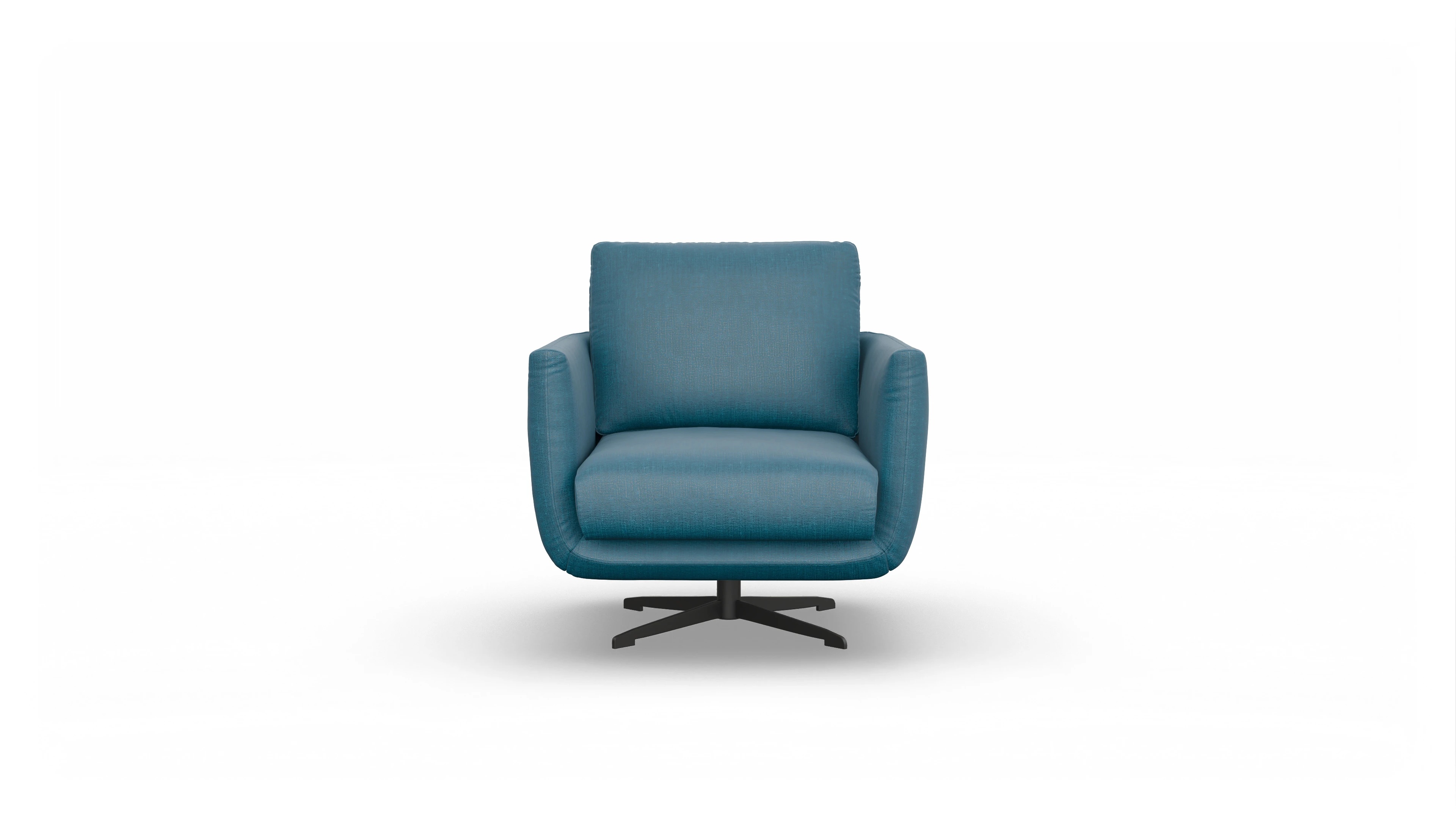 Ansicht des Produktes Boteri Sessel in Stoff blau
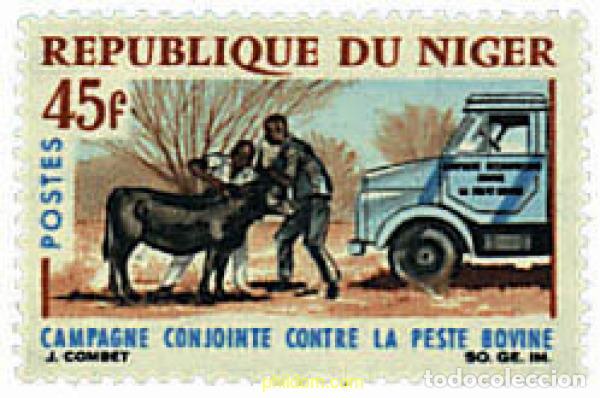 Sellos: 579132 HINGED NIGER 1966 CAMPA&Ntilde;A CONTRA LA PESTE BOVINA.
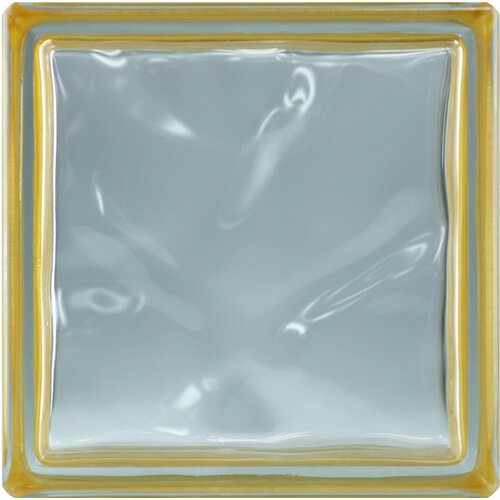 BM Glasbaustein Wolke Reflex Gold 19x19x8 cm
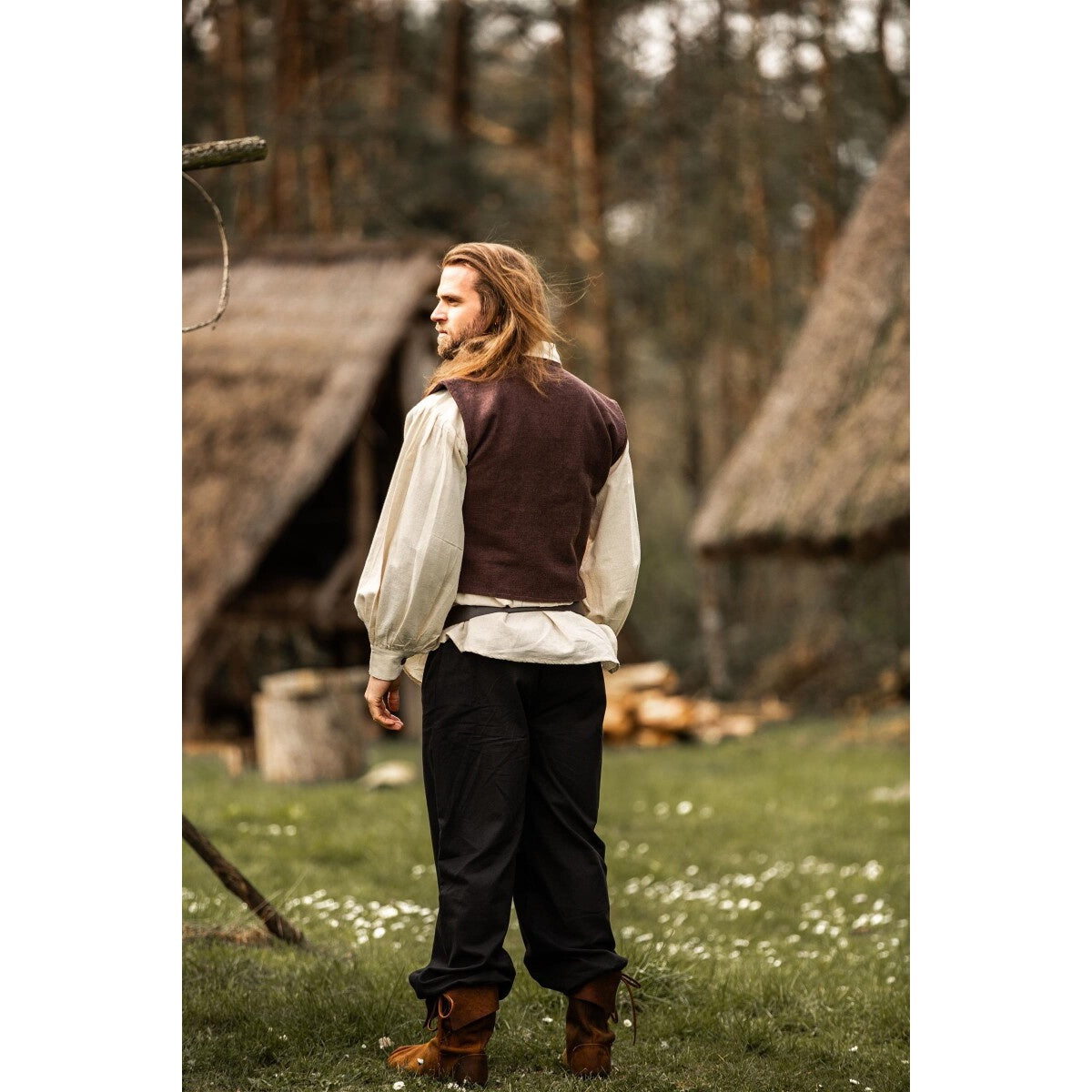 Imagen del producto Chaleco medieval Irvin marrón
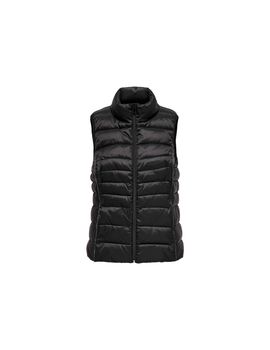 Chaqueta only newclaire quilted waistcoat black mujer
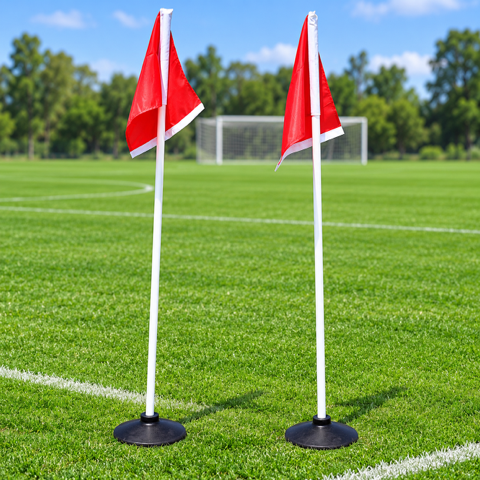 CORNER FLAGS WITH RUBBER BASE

▶ About this exercise
When you reproduce the entries above, keep every word exactly and leave out each picture.

▶ Result
 Ansicht des Produktes Boteri Sessel in Stoff blau
 Sellos: 579132 HINGED NIGER 1966 CAMPA&Ntilde;A CONTRA LA PESTE BOVINA.
 BM Glasbaustein Wolke Reflex Gold 19x19x8 cm
 Imagen del producto Chaleco medieval Irvin marrón
 Chaqueta only newclaire quilted waistcoat black mujer
 CORNER FLAGS WITH RUBBER BASE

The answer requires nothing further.